Only the lines holding "Indoor" are wanted here; copy each from the listing.
++++ Records for this exercise ++++
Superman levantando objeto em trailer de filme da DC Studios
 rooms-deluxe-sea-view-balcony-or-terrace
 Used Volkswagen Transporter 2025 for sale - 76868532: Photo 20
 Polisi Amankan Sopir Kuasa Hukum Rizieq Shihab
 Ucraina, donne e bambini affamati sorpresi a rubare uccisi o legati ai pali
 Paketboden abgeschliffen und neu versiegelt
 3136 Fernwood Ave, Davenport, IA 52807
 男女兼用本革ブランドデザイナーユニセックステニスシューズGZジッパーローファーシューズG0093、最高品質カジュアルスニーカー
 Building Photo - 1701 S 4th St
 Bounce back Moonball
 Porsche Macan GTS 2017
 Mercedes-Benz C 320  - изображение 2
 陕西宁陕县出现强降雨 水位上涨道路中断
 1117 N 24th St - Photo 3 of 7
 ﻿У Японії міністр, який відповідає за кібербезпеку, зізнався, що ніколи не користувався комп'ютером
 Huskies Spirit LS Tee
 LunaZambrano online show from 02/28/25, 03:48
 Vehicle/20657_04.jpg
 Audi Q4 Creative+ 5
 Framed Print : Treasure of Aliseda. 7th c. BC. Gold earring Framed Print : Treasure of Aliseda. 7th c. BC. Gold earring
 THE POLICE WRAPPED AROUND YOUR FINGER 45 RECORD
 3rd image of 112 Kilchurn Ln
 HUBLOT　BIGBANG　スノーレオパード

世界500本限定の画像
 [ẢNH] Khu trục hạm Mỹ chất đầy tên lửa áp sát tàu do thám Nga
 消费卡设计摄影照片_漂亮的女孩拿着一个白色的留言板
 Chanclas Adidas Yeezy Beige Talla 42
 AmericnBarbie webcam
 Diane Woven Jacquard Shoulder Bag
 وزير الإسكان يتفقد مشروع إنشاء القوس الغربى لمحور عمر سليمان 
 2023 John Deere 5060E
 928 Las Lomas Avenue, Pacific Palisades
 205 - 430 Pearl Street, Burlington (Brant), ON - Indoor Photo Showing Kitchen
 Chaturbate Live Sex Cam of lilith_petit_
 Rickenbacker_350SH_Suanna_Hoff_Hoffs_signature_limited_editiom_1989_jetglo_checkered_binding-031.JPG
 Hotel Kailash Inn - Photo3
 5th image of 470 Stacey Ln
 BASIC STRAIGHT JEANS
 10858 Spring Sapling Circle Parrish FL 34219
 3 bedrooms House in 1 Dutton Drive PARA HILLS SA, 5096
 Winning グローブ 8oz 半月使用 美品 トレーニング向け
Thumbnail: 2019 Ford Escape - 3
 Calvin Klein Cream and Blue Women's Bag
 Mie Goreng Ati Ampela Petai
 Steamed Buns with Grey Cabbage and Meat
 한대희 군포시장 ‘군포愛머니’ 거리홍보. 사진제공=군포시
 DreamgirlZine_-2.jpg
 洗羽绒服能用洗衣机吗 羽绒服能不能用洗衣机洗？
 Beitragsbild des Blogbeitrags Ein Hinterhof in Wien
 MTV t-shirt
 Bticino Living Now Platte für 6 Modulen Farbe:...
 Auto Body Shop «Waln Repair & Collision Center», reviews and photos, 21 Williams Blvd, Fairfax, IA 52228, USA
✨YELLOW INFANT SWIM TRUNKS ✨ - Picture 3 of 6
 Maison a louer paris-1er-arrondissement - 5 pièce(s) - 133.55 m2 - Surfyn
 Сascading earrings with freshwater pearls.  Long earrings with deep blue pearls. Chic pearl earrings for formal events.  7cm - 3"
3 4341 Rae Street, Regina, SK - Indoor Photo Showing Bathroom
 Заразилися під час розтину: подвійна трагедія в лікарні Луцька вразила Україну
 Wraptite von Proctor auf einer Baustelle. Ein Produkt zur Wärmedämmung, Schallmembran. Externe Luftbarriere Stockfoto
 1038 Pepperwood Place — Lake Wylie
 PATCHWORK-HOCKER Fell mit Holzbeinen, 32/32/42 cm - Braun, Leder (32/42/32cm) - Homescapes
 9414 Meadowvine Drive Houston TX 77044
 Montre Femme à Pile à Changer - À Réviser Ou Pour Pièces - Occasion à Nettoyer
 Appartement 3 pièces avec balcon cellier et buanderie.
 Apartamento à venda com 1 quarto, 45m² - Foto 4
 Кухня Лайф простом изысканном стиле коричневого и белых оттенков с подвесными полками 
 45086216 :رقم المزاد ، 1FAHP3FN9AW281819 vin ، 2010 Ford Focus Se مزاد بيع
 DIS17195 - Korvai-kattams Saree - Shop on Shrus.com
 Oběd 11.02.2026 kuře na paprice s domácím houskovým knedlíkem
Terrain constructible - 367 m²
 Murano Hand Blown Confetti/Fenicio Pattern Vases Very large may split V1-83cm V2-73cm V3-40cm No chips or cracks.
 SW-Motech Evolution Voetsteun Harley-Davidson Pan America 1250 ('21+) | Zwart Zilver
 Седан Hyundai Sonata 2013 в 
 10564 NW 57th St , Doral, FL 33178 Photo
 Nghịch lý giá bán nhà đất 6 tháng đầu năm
++++
* [Written solution]:
 205 - 430 Pearl Street, Burlington (Brant), ON - Indoor Photo Showing Kitchen
3 4341 Rae Street, Regina, SK - Indoor Photo Showing Bathroom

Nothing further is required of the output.